Gangsters
have a strong sense of history, probably because the past is constantly coming
to bite them. Lee Joon-seok is a case in
point. He will have all sorts of
unfinished business on his hands after serving his seventeen year prison
sentence in Kwak Kyung-taek’s Friend 2:
the Legacy (trailer
here), which
opens tomorrow in New York.
Lee
is doing time for ordering the hit on a rival gang leader, who was once his
childhood best friend. The turncoat was
sort of asking for it, but it still bothers Lee from time to time. Shortly before his release, Lee is visited by
a casual social acquaintance from his youth. Her son Choi Seong-hoon is a fellow
prisoner, who has been marked for death after crossing Lee’s outfit. Much to his surprise, Lee extends his protection
to the young thug, eventually taking him on as a protégé when they are both
released.
They
will be busy. Lee finds the syndicate
his father first organized has been largely hijacked by Eun-gi, a cold-blooded boardroom
gangster who exploited the vacuum left by Lee’s incarceration and the failing
health of their Chairman. Obviously, Lee
is not about to let this stand, even when a fairly obvious revelation threatens
to undermine his relationship with the volatile Choi.

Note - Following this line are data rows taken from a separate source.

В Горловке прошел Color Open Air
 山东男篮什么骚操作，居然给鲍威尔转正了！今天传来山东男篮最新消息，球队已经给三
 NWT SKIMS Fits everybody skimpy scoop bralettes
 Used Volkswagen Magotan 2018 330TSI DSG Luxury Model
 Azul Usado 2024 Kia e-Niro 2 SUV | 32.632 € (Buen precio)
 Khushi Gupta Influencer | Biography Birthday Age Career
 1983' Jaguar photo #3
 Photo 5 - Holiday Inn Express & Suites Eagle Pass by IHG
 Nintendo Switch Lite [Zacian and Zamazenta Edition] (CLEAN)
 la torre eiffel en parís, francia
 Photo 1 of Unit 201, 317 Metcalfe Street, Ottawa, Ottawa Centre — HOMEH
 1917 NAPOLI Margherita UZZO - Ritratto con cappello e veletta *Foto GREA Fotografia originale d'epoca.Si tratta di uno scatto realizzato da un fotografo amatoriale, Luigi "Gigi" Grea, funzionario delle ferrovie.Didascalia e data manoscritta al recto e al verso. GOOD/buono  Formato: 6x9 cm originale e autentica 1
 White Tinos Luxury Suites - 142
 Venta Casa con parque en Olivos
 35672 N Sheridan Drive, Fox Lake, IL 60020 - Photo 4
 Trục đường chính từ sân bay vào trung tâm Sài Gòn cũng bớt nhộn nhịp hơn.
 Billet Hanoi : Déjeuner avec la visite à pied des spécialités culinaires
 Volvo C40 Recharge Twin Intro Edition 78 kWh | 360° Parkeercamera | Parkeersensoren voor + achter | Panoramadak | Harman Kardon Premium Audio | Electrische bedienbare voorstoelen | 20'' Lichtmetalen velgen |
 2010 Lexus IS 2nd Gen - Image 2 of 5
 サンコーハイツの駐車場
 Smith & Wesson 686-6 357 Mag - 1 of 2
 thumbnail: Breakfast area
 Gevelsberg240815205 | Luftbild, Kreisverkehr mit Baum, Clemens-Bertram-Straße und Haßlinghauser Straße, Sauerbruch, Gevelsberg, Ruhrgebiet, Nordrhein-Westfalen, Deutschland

Friend 2 probably has four
or five flashbacks too many, periodically revisiting not just Lee and Choi’s tumultuous
backstories, but also giving viewers the highlights of the gang’s formative
days under Lee’s enterprising father.
The latter are almost superfluously tangential, but they are executed with
a good deal of style and provide a lot of gangster genre goodies, so its worth
going along with them, even if the confuse the narrative thread.
Regardless,
Yoo Oh-seong is unquestionably Friend 2’s
steely MVP. He is all hardnosed business
as Lee, yet he still suggests hints of that troubled conscious buried somewhere
deep within him. Kim Woo-bin is certainly convincingly erratic as Choi. Frankly, Friend
2 is not a great showcase for women’s roles, but the always reliable Jang
Yeong-nam works wonders as Choi’s still attractive and resilient mother.